Start light. You can always add more, but you can't take it away.
Frequently Asked Questions
What vanilla is best for a vanilla matcha latte?
Pure vanilla extract is the most versatile and affordable everyday option. For a more premium result with visible vanilla bean flecks, use vanilla bean paste. Avoid imitation vanilla flavouring, it has a harsh, artificial taste that clashes with matcha's delicate flavour.
How do I make vanilla matcha syrup?
Combine 100g caster sugar with 120ml water in a saucepan. Stir over a medium heat until the sugar dissolves, add one split vanilla pod, and simmer gently for 5 minutes. Cool completely, remove the pod, and store in a sealed jar in the fridge for up to two weeks.
Does a vanilla matcha latte have a lot of sugar?

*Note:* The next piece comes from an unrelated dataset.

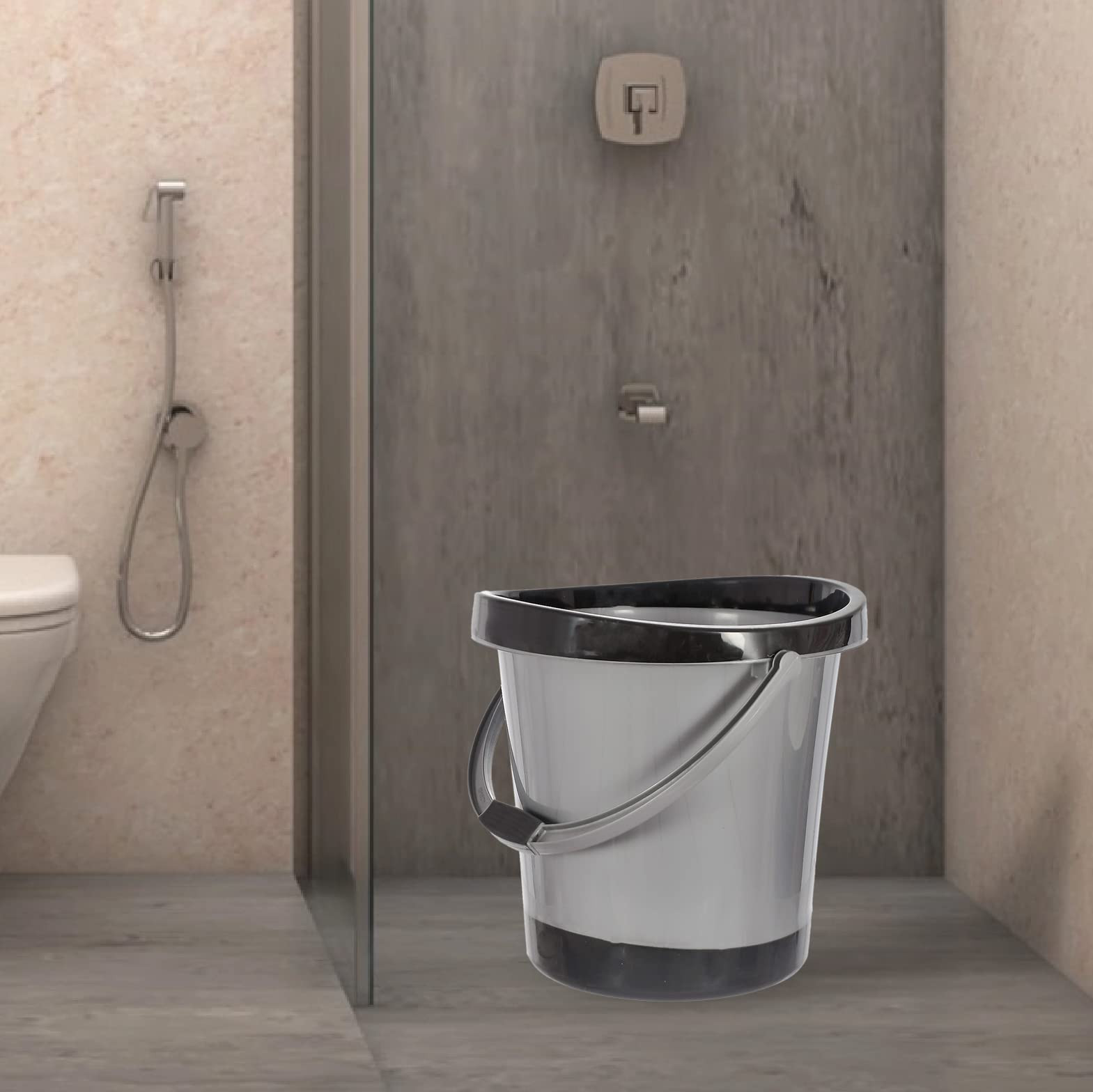 Plastic Unbreakable Strong Bathroom Ultra Bucket With Handle18 LtrGray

Not necessarily. If you use vanilla extract or paste with no added sweetener, your latte has zero added sugar. Even with the homemade syrup, one tablespoon adds roughly 12g of sugar, about half of what you'd find in a typical coffee-shop matcha latte.
Can I make it iced?
Absolutely. Whisk the matcha with hot water and vanilla as normal, then pour over a glass packed with ice and top with cold milk. Use vanilla syrup rather than extract for iced versions, as it blends more evenly into cold drinks.